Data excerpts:
· · ·

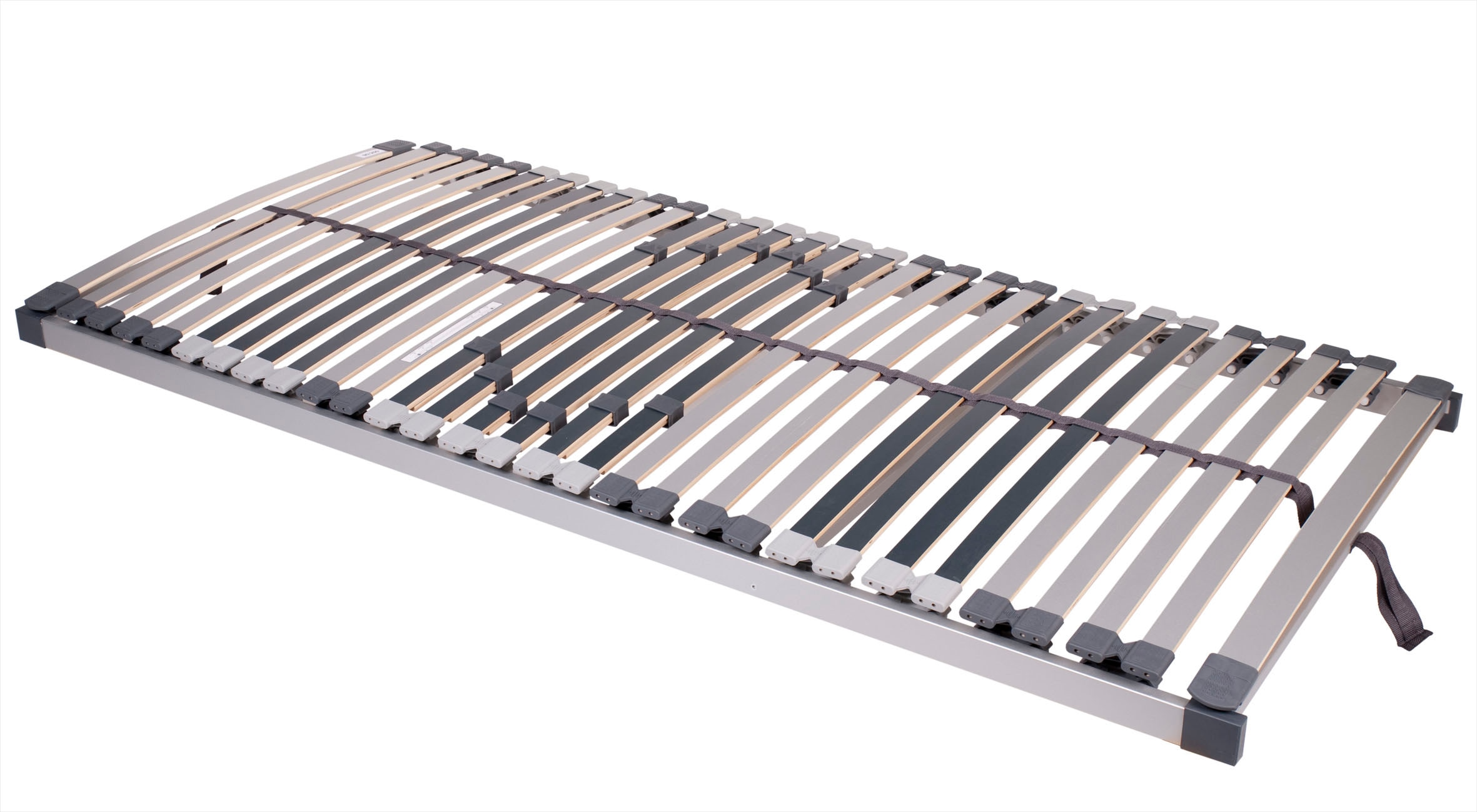 Lattenrost HEMAFA, B:120cm H:7cm L:200cm, schwarz, Lattenroste, "BASIC PLUS NV"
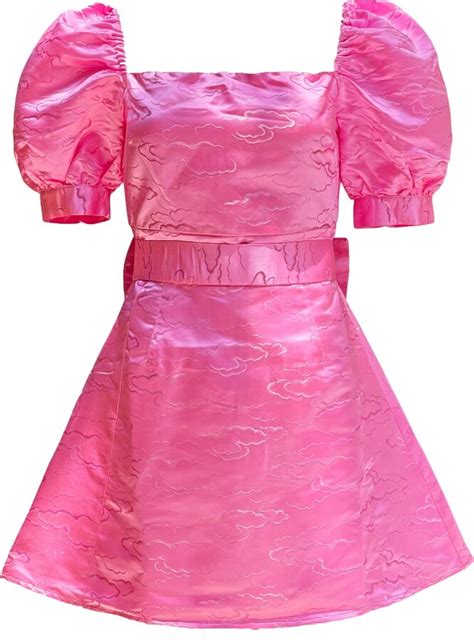 Madeleine Simon Studio Ballerina A Hot Pink Barbiecore Satin Dress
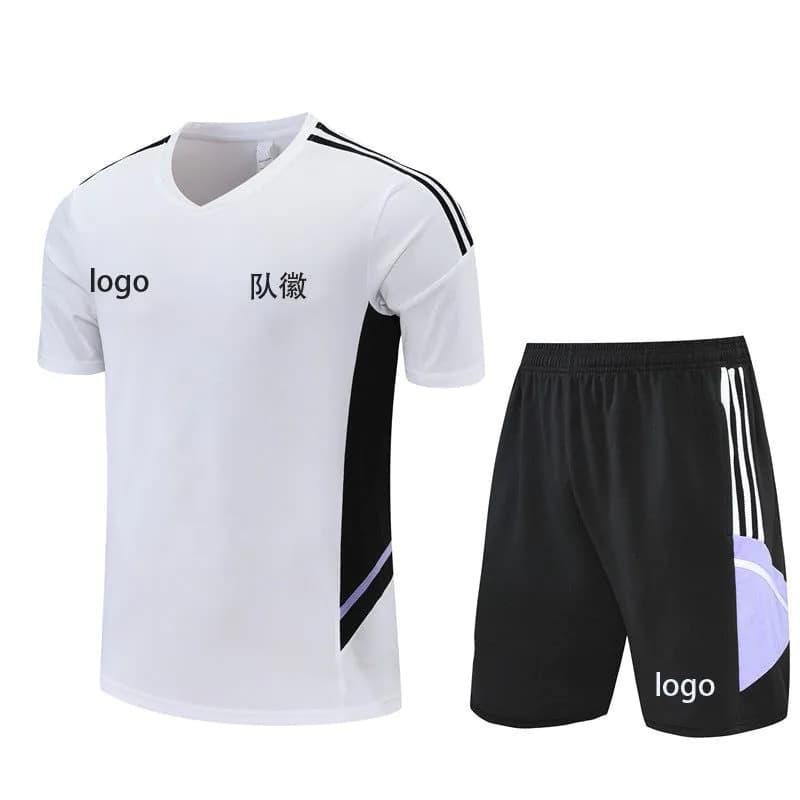 image-Real Madrid Home Jersey Short-Sleeved Training Suit Adult Football Uniform 2022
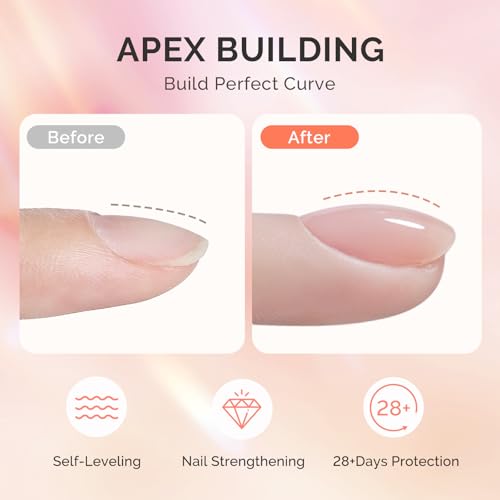 MelodySusie 2-Pack Clear Builder Gel Set - 15ml UV LED Nail Extension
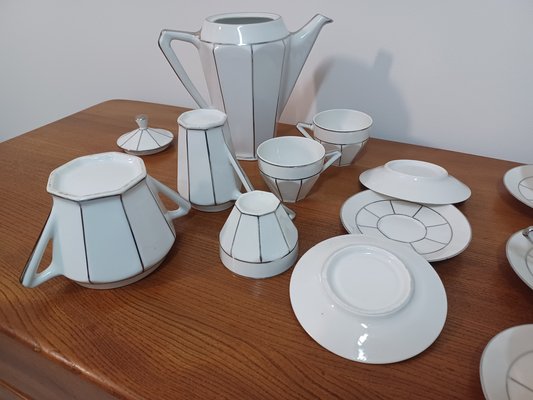 Art Deco Coffee Service, 1930s, Set of 9-ZQS-1777949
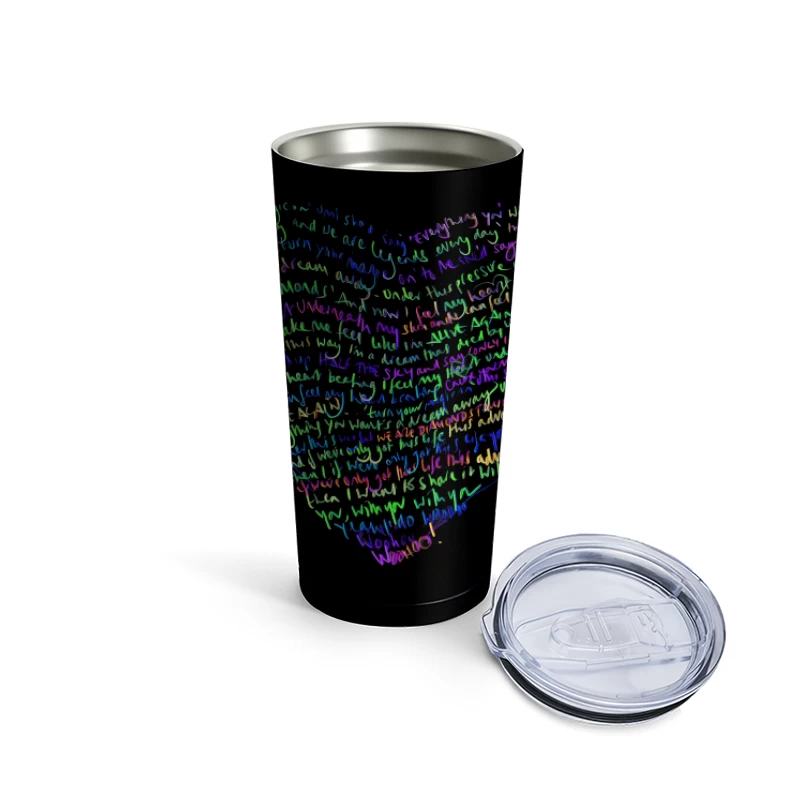 Coldplay Lyrics Art Travel Mug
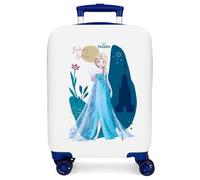 Joumma Disney Nature Is Magical - Frozen II Maleta de Cabina Blanco 33x50x20 cms Rígido 2 kgs Cierre de combinación Lateral ABS 2 kgs 33L Equipaje de Mano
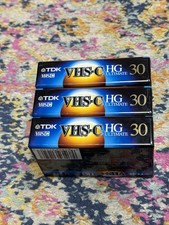 Lot of 3 TDK VHS-C HG Ultimate Camcorder Videotape - New  Sealed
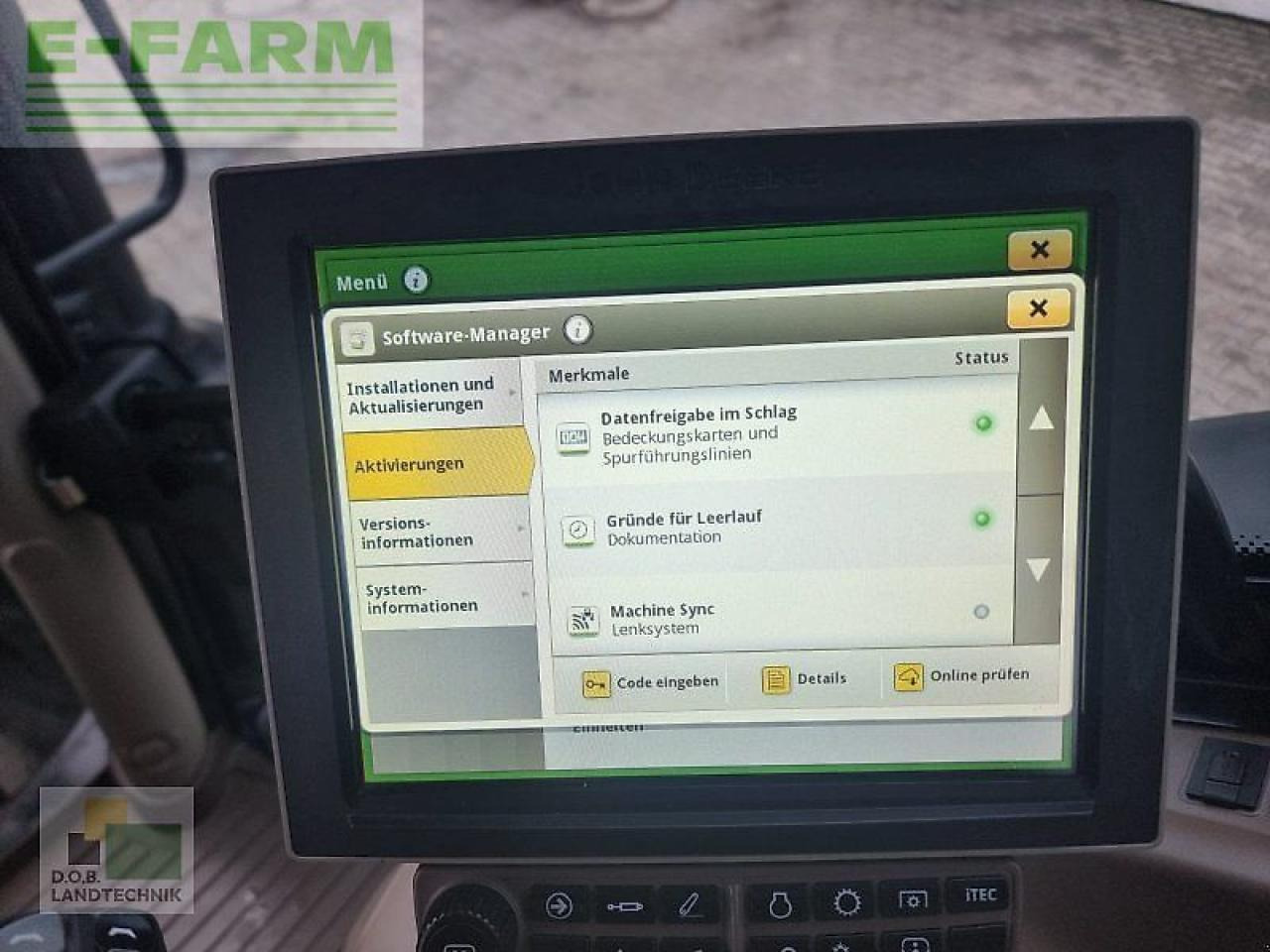 Farm tractor John Deere 6155r: picture 19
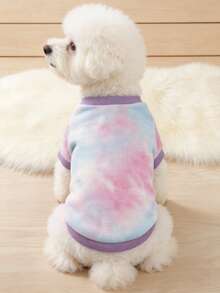 PETSIN 1 件宠物抓绒扎染粉紫色毛绒玩具 - 彩色 - 查看 4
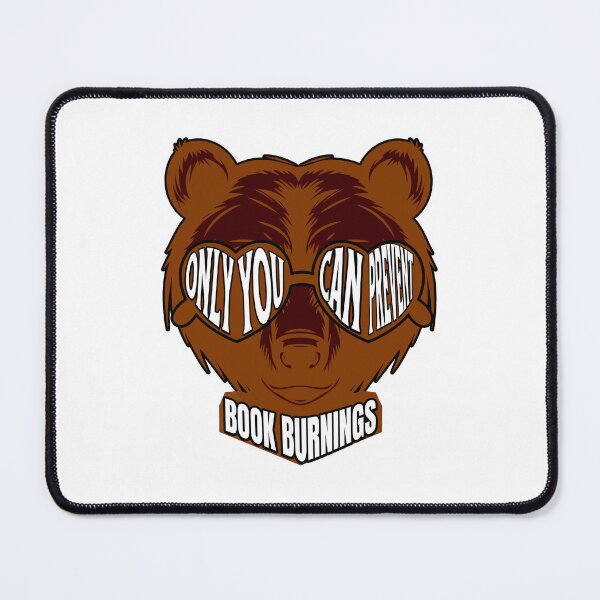 Item preview, Only You Can Prevent Book Burnings Bear with Sunglasses Design designed and sold by ArtDesignTp.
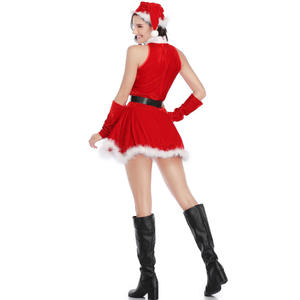 Costume de Noël <span class=keywords><strong>Sexy</strong></span> Costume de Noël Lady Santa Claus Holiday Stage Show Costume de Noël - Product Image 5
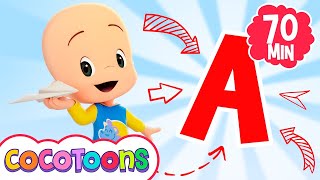 ABC Song and 🅰️ more nursery rhymes for kids from Cleo and Cuquin  Cocotoons [upl. by Valina]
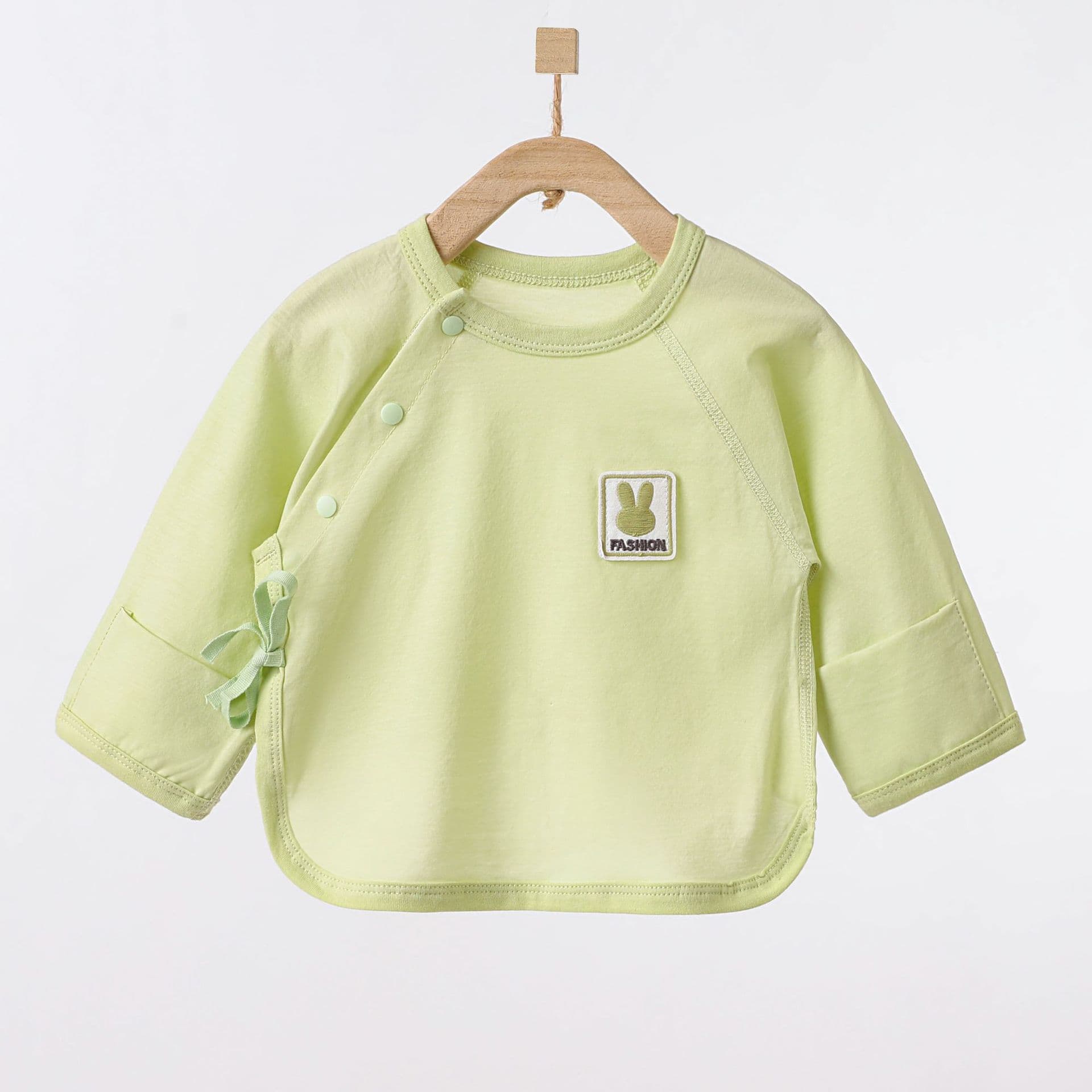 Newborn baby half-back summer thin cotton boneless Anyang baby newborn long-sleeved summer top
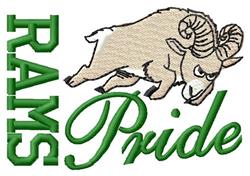 detailed pride machine embroidery pattern - Rams Pride perfect for reusable tote bags
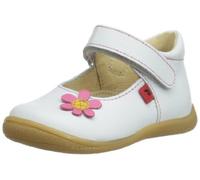 Pippo Girls Abi Mary Jane Flats A14ABIWHITE White 4 UK Child, 20 EU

· · ·

WHAT NEEDS TO BE DONE: Repeat exactly the lines from the one containing "Costume de Noël <span" to the last line of the records above, including both, and leave out any pictures.

ANSWER FOR THIS EXERCISE:
 Costume de Noël <span class=keywords><strong>Sexy</strong></span> Costume de Noël Lady Santa Claus Holiday Stage Show Costume de Noël - Product Image 5
 ABC Song and 🅰️ more nursery rhymes for kids from Cleo and Cuquin  Cocotoons [upl. by Valina]
 Newborn baby half-back summer thin cotton boneless Anyang baby newborn long-sleeved summer top
 detailed pride machine embroidery pattern - Rams Pride perfect for reusable tote bags
 Pippo Girls Abi Mary Jane Flats A14ABIWHITE White 4 UK Child, 20 EU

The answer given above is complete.